SPECIAL TEAMS STUFF:
So I guess the "Fire Borges" calls are reaching fever pitch, and I came across a diary where someone said they were going to bring a "Fire Borges" sign to the game.
C'mon, we're better than that, aren't we?
No, really. The typical fan is going to hold up a sign like that because 13 points vs. Nebraska durrr. Don't we all claim to know more about football than the average armchair quarterback? There's been some contention between the RRAWWARGG crowd and the argument-by-authority crowd, and setting aside who's right, why not turn this into something interesting, even enlightening?
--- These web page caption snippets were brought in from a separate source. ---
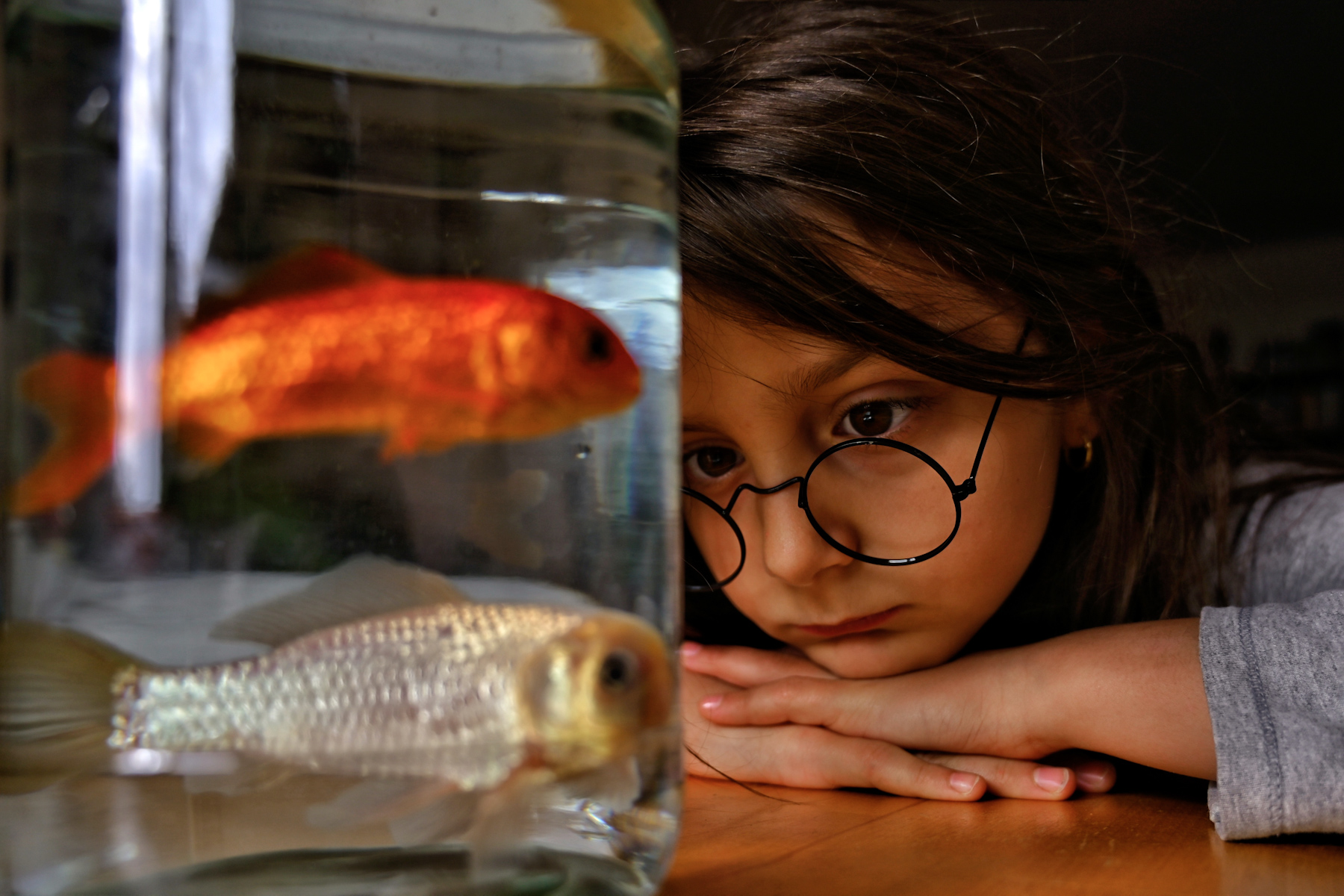 Pensieri di libert�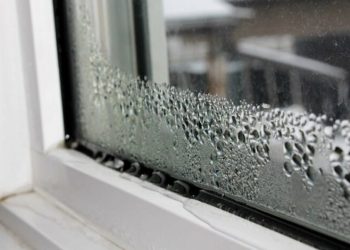 ​Këto janë sëmundjet që shkakton lagështira në shtëpi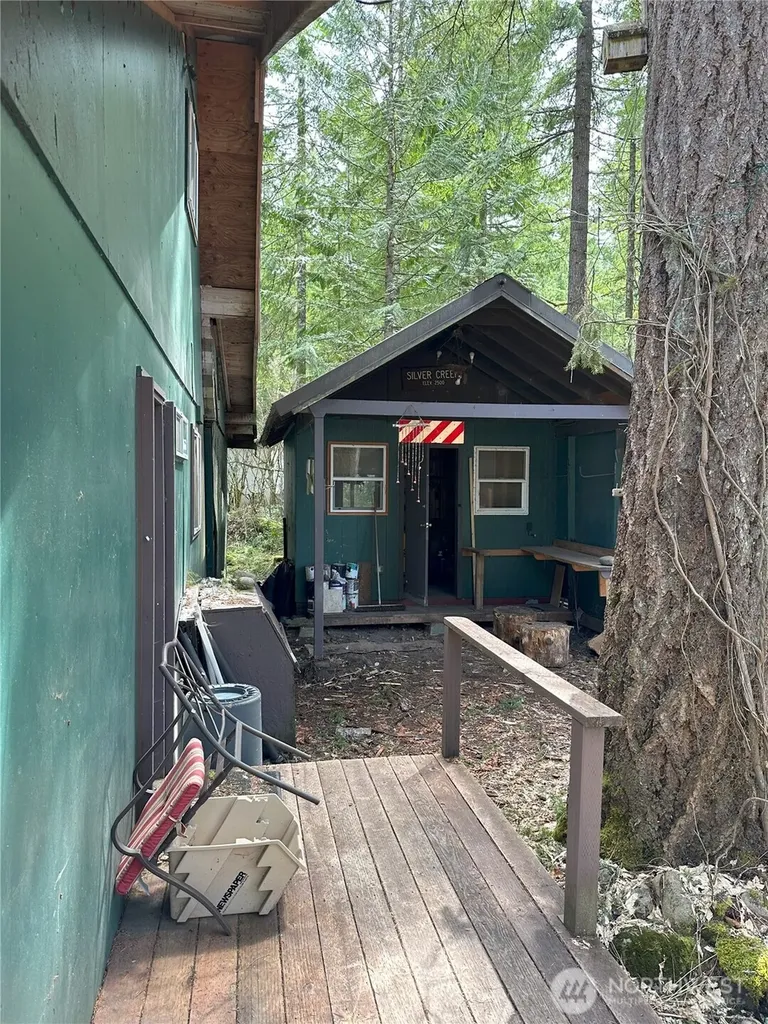 123 Mountain Drive N Ashford WA 98304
Not to mention, we can also either make a point or prove our ignorance. Either way, time to put our money where our mouth is.
My proposal is simple. Next home game (or as many as necessary), bring a two-sided sign (or two signs, whatever) with "RUN" on one side and "PASS" on the other. When the offense lines up, look at the formation and show the crowd & cameras your prediction. It'd be cool if even a dozen of these showed up and called the plays with consistency. Why do it?
1) Well, it's more cerebral than a goddamn "Fire X" sign. Yeesh, a moron can do that.
2) The theory here is that the offense is predictable beyond belief. 1st down, tackle over, Norfleet, Funchess wide. . . the opposing defense is given reads a 7th grader can make. Well, if we're right, let's show everyone we're right. If we're NOT, then the shame's on us and we can all shut up.
3) It's harmless. We are technically not supposed to know what's coming because Borges is experienced and we're stupid laymen, so these are technically guesses. May not be much in the way of team spirit but solving a problem isn't always about good feelings. I want to see the players win, not yet another 2nd and 12.
4) The defense should have their own predictions. If we're off base and they pay ANY attention to us at all, they're unspeakably stupid and we're doing the home team a favor.
And if it's not getting any attention. . . well, you can put the sign on your lap and wack off behind it or something.
I dunno, maybe it's a stupid idea. But if we're itching to unleash some sound and fury, I'd rather make a point than a show.
P.S. I say "we" but in the interest of disclosure, I can't join in the effort because I live in New England. Otherwise this is something I'd probably have started doing after the PSU game.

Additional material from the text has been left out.